If you can’t get this set up on your own, consider asking the physician you are shadowing or one of the staff members to help you get set up.

Further Reading: 11 Essential Tips for Shadowing a Surgeon

Prepare Questions Before Hand

Shadowing is a learning experience and you want to make sure you get the most out of it. Before you go in, write down a list of questions that you want to ask the physician. Once you start shadowing, it can be information overload so it’s easy to forget about the medical career-related questions you wanted to ask.

I wrote a post with plenty of example questions just in case you are struggling to think of what you should ask!

Should you Wear Scrubs When you Shadow a Physician?

Personally, I am a fan of wearing scrubs while shadowing.

I prefer scrubs for 2 reasons:

  1. You look like you belong there which alleviates some of the awkward patient encounters.
  2. They are comfortable.

However, professionalism is always key. Only wear scrubs on your first day of scribing if the physician you are shadowing tells you it’s fine. If scrubs weren’t brought up, assume a more conservative business casual at the least.

There is no harm in asking beforehand whether or not you should wear scrubs. They will probably say it doesn’t matter either way which opens the door to allow you to wear scrubs.

Should you Pack a Lunch for Shadowing?

It really doesn’t matter. In my experience, every doctor’s office has a break room you can leave your lunch in.

Personally, I prefer not to show up with a lunch box on the first day of shadowing. You don’t know where you will be most of the day. You could be in the office all day or you could be at the hospital. I would rather go out at lunch or grab some food in the hospital cafeteria on day one. Once you get a feel for the daily routine, you can make a better judgment call.

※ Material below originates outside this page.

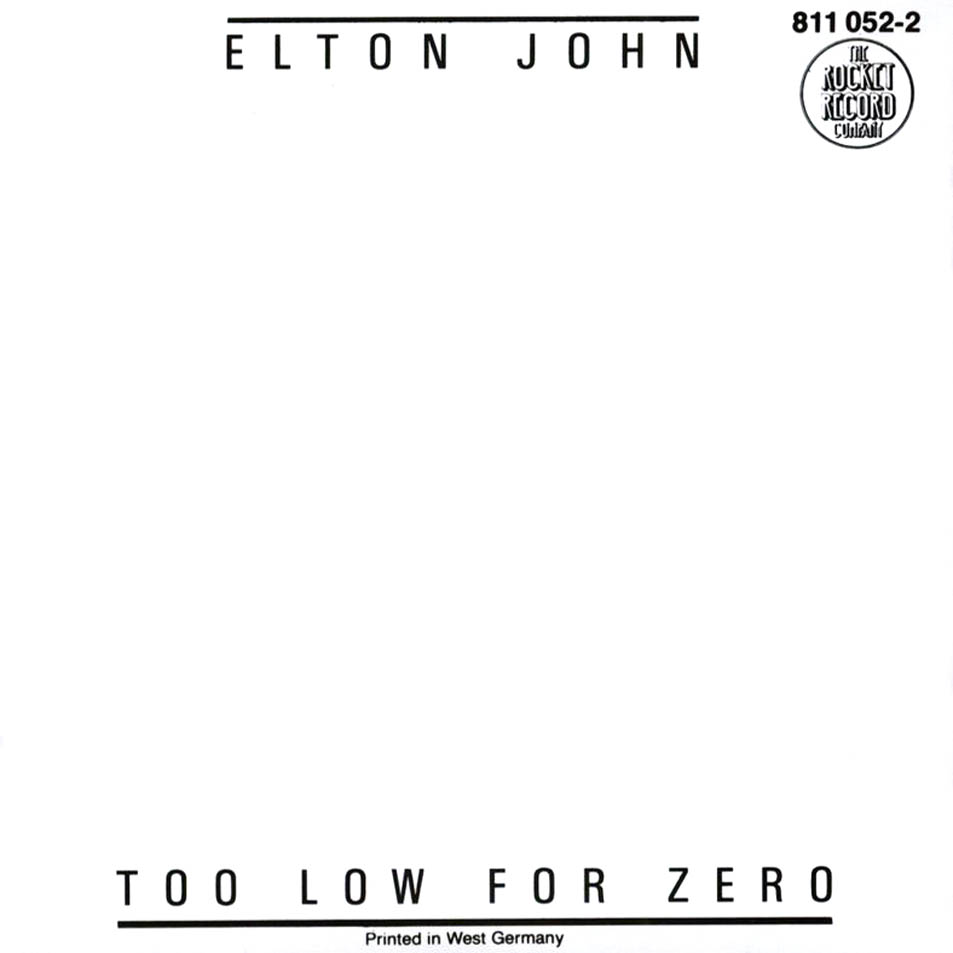 Cartula Interior Frontal de Elton John - Too Low For Zero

During one of my shadowing gigs, the physician would bring me into the doctor’s lounge which contained free food. Pretty good food too! Of course, it was also healthy.

Show up Early

It is important to be professional and part of that means showing up early. If you get there before the doctor you are shadowing, take a chance to meet all the staff. Get yourself familiarized with the office/hospital.

What to Expect on your First Day of Shadowing a Doctor

So you made it to your first day of shadowing, what now? What can you expect to do on your first day of shadowing? What will you see? Where do you stand? Will the patient be okay with you being there?

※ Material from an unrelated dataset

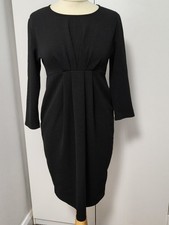 New Look Maternity Black Pleated Empire Waist Midi Dress 3/4 Sleeve UK 12 EU40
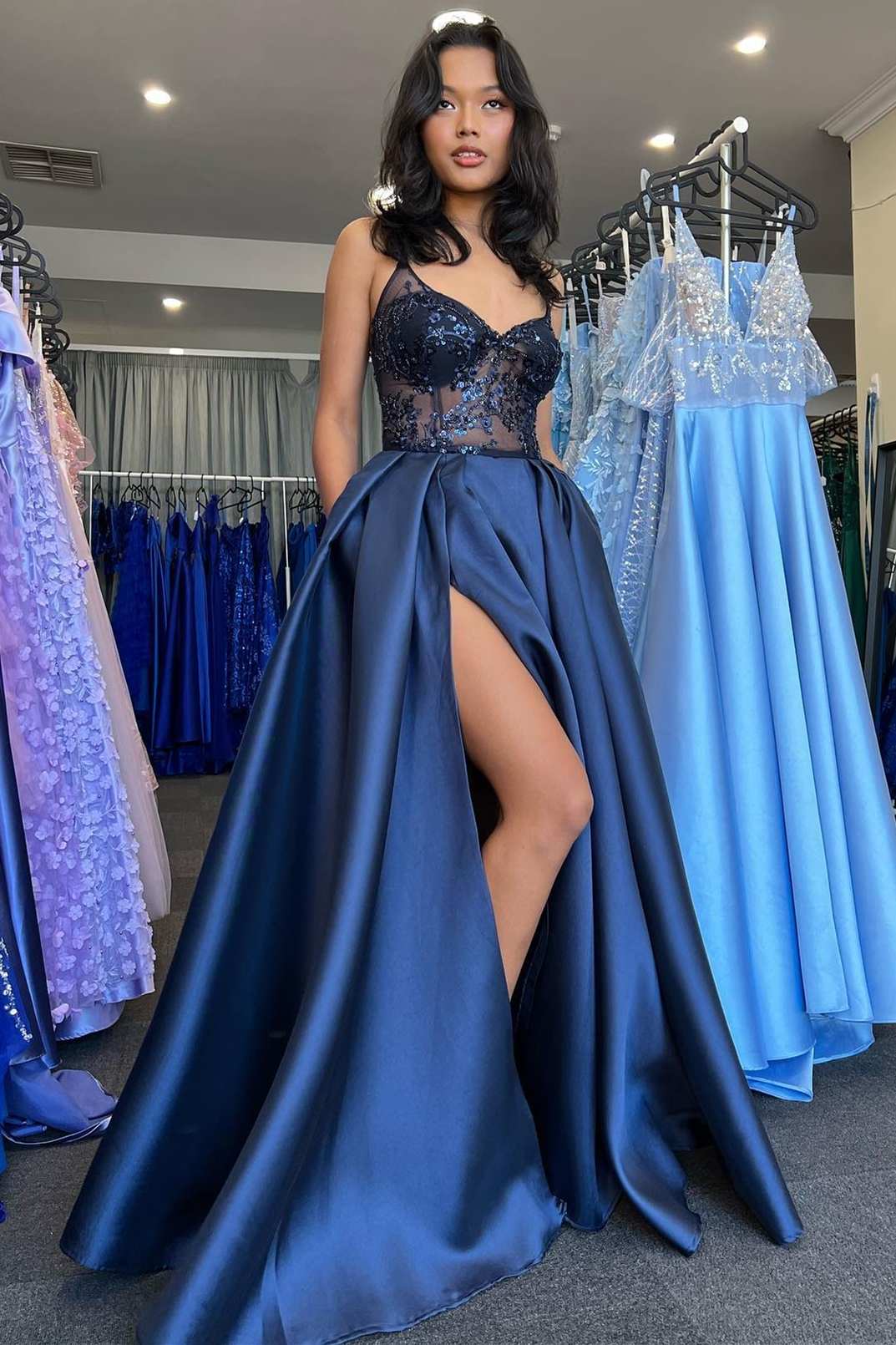 Pretty A Line Spaghetti Strap Sequin Navy Blue Satin Long Party Dress Wedding Guest Dress with Slit SH2922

These are questions I had before my first day of shadowing a doctor. Luckily, I wrote 2 posts which provide plenty of detail regarding these matters. Here are the links:

What to expect when shadowing a doctor.

My Experience Shadowing an OB/Gyn.

It can be awkward shadowing a doctor, especially when you are a pre-med student. Sometimes you might feel like you don’t belong in there because of your lack of experience. Get these thoughts out of your head. Countless pre-meds have shadowed in the past and it’s a completely normal activity.

Don’t Stress Out

Shadowing is fun. There are very few times when you can observe the experts without actually having the stress about being the decision-maker.

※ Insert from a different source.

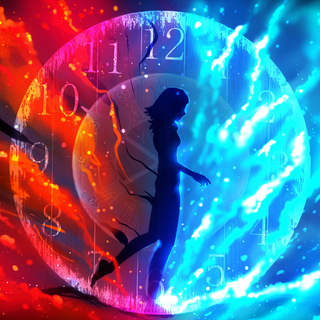 Girl and clock wallpaper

If you are at all stressed about shadowing, don’t be. In fact, in my opinion, shadowing is probably one of the least stressful extracurricular pre-med experiences. You are there to be a passive learner. There won’t be any tests, you won’t be told to do something outside of your comfort zone, and, once again, you aren’t the decision-maker there.

Once you shadow someone for the first time and learn how cool it really is to be a doctor, you will want to see more and more. Don’t stress, have fun.


Shadowing is a very important experience you should have before getting into medical school. The first time can feel a little weird but that feeling goes away quickly.

Medicine is a tight-knit community that tries to help each other succeed. I have never experienced shadowing a physician that wasn’t happy to teach me things.

It is important to be as prepared as you can for your first time shadowing a doctor, but don’t overthink it. The advice I offer in this post, and my other posts on shadowing a physician, will help you get set up for success, but ultimately you will need to experience it for yourself to really see what works best for you.